____ Data under study

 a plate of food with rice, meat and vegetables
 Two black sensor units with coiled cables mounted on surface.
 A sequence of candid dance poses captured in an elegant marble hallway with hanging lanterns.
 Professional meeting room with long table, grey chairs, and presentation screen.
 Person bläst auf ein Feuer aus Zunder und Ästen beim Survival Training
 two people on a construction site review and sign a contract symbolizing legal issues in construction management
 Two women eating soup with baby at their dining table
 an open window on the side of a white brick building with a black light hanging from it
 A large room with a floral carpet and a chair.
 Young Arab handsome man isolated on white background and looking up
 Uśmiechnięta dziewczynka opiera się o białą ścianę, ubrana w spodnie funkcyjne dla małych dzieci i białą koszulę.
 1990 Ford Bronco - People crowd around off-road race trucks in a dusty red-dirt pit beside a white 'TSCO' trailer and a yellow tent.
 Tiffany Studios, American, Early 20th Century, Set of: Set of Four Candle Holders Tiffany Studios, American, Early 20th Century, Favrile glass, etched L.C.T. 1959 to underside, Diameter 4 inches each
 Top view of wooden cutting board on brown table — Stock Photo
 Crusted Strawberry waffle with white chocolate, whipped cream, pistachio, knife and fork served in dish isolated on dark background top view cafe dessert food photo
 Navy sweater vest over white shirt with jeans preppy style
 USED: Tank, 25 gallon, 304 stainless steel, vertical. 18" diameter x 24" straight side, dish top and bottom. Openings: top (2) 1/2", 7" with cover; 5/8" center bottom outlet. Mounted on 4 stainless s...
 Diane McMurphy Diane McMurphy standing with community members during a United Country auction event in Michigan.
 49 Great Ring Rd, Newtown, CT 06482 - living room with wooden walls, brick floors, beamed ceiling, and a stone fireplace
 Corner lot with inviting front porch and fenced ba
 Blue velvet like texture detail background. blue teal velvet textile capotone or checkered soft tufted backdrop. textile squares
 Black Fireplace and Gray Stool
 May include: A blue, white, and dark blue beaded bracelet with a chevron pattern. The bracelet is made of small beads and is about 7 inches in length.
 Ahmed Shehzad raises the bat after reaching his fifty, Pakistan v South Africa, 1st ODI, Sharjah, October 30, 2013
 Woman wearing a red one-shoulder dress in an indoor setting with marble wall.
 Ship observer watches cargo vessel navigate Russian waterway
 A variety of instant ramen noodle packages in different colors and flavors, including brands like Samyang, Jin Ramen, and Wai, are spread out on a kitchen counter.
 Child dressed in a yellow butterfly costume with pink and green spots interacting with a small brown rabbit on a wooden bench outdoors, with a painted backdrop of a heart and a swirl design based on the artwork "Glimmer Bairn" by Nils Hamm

________

Exercise
Copy, exactly and only, the lines above that begin with the one containing "Tiffany Studios, American, Early 20th Century, Set" and finish with the one containing "Top view of".

Task answer
 Tiffany Studios, American, Early 20th Century, Set of: Set of Four Candle Holders Tiffany Studios, American, Early 20th Century, Favrile glass, etched L.C.T. 1959 to underside, Diameter 4 inches each
 Top view of wooden cutting board on brown table — Stock Photo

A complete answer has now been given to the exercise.